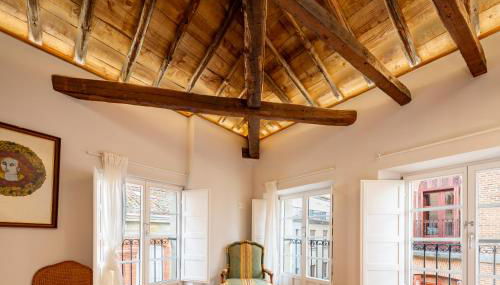 Altior - Balcones a la Catedral - Apartamento exclusivo en el corazón de Ávila - Foto 5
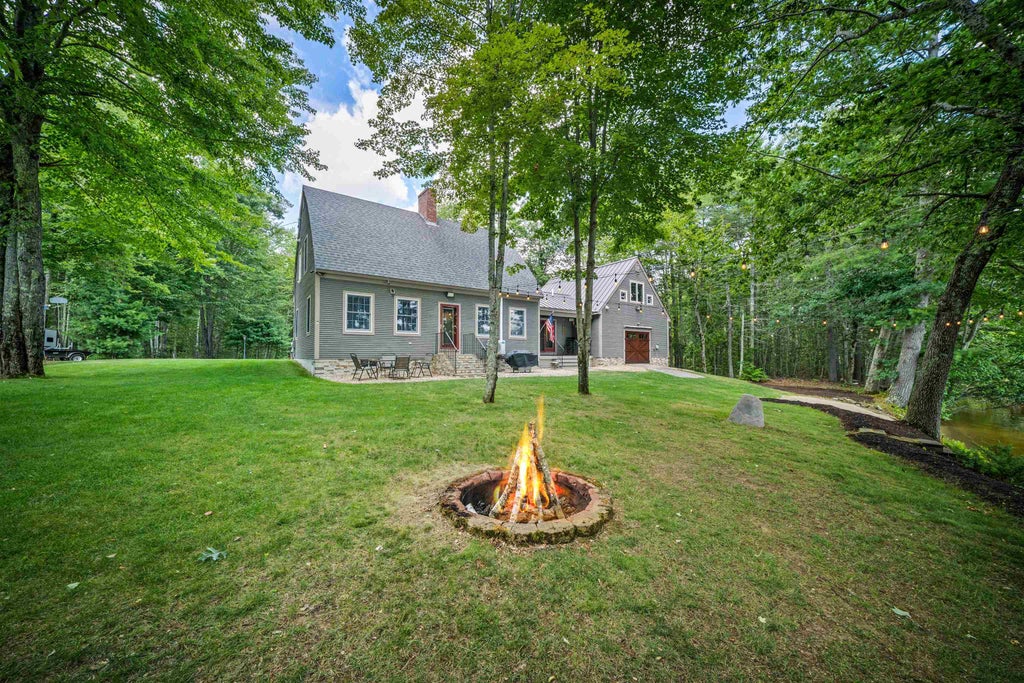 Photo of 116 Rocky Point Road, Milton, NH 03851 (MLS # 5102976)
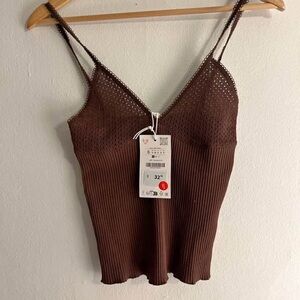 Top Zara Size S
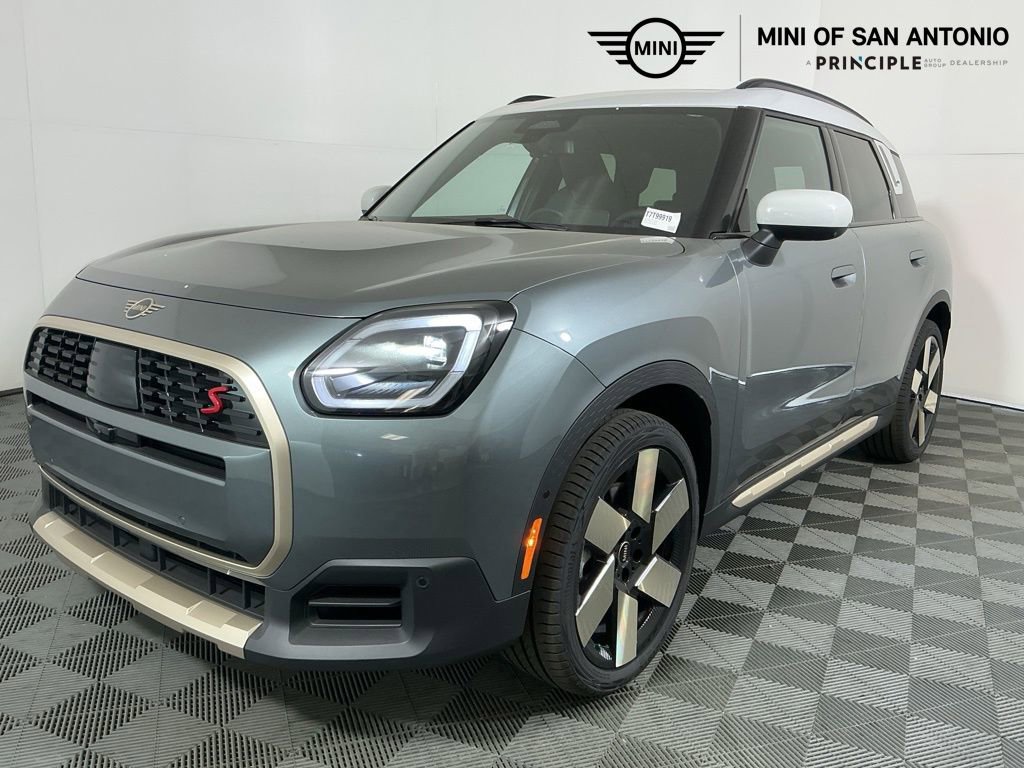 New 2026 MINI Cooper Countryman S video 1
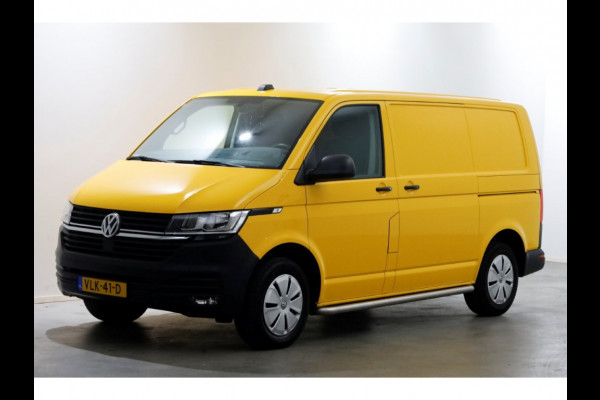 Volkswagen Transporter T6.1 2.0 TDI 150pk DSG-Automaat L1H1 2x Schuifdeur/Achterklep 08-2021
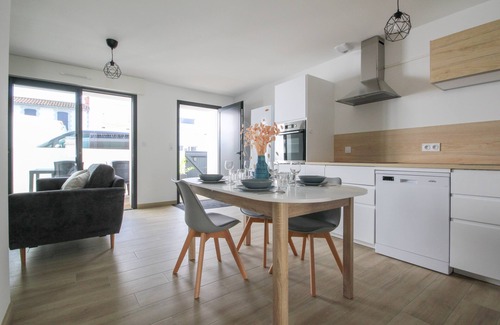 Saint-Gilles-Croix-de-Vie Apartment | Apartment 55 sq m - La Goelette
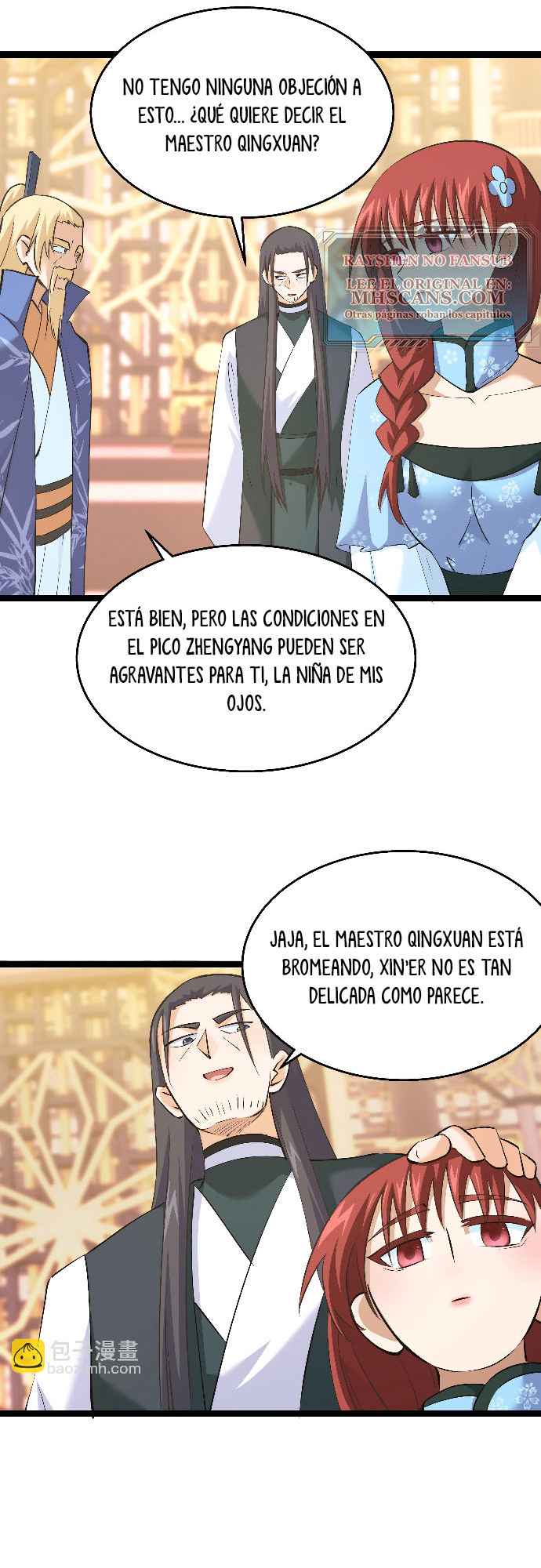 Read Sistema Divino del Jugador Inmortal ES Manga Online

_Aim of the exercise_
With the pictures omitted, the entries are to be transcribed in full, exactly as they appear.

_Result below_
 Altior - Balcones a la Catedral - Apartamento exclusivo en el corazón de Ávila - Foto 5
 Photo of 116 Rocky Point Road, Milton, NH 03851 (MLS # 5102976)
 Top Zara Size S
 New 2026 MINI Cooper Countryman S video 1
 Volkswagen Transporter T6.1 2.0 TDI 150pk DSG-Automaat L1H1 2x Schuifdeur/Achterklep 08-2021
 Saint-Gilles-Croix-de-Vie Apartment | Apartment 55 sq m - La Goelette
 Read Sistema Divino del Jugador Inmortal ES Manga Online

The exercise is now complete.